Self Portrait Behind the Pixels
“Self Portrait Behind The Pixels”, 70″ x 70″, made in November 2016.
This is me, an actual human being behind my online presence. As we talk to each other online, please don’t forget that I am a real person behind the pixels. Let’s all be more understanding, respectful, and kind.
This is a concept that probably rings true for many of us; however this idea did not guide the design. In fact, I found its meaning after I made it.
It started with a selfie on Instagram – something I rarely post. Hey, I just got some highlights in my hair!
I cropped the image a bit, placed it in a grid, and applied some digital effects. Why a grid? It’s freeing. It makes an enormous project approachable – just make one square at a time. A grid makes it easier for me to find order and to help make a design come to life. It gives me a sense of clarity and confidence. Without it, I’m a bit overwhelmed and design is daunting. It just so happens that a grid gives a digital, pixelated effect that I love. And it’s pretty perfect for quiltmaking.
I brought it into Adobe Illustrator, cleaned things up a bit, and established my color key. I gave myself the constraints of only using the fabrics that I already have, and only prints.
I separated each square into a FPP pattern and printed them off.
As I started making blocks and throwing them on the design wall, I felt a bit iffy about the fabrics. But I just told myself to go with it.
FPP is definitely one of my happy places, so I gladly just focused on that.
A bit more progress, and still a bit nervous. I worried that the eye was too weird. I powered on.
Finished with the blocks, now to sew them all together.
Then peeling off paper from the back. Oddly satisfying.
And the top is done! I changed up some of the background fabric choices, even using the “wrong” side of the fabric to give some value variation, a first for me.
Rather than quilting it myself, I sent the quilt top to my friend Laura Pukstas who has a longarm quilting machine. I told Laura that it’d be cool to have horizontal straight lines on the background, with the shapes (hair/eye/etc) to be outlined and filled with whatever she thinks is good. I love what she did.

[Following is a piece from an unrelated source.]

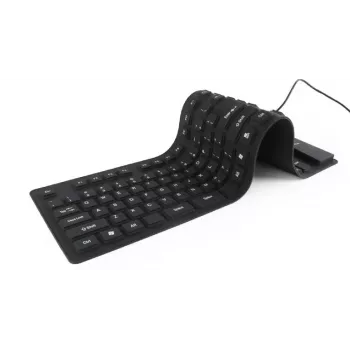 Silikon-Tastatur USB+PS/2 schwarz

So while I didn’t set out to make a statement quilt, it happened anyway. This design was guided by the simple art concepts of a grid, polygonal shapes, and materials constraints, yet I happened upon its perfect narrative at the end, without even thinking of assigning any meaning during the making process. Fascinating. I wonder how intentionally connecting meaning early in the process will affect my work.
I’ll leave you with this: Let’s look through the pixels, see each other as the beautiful humans we are, and make more of an effort to understand one other before passing judgment online.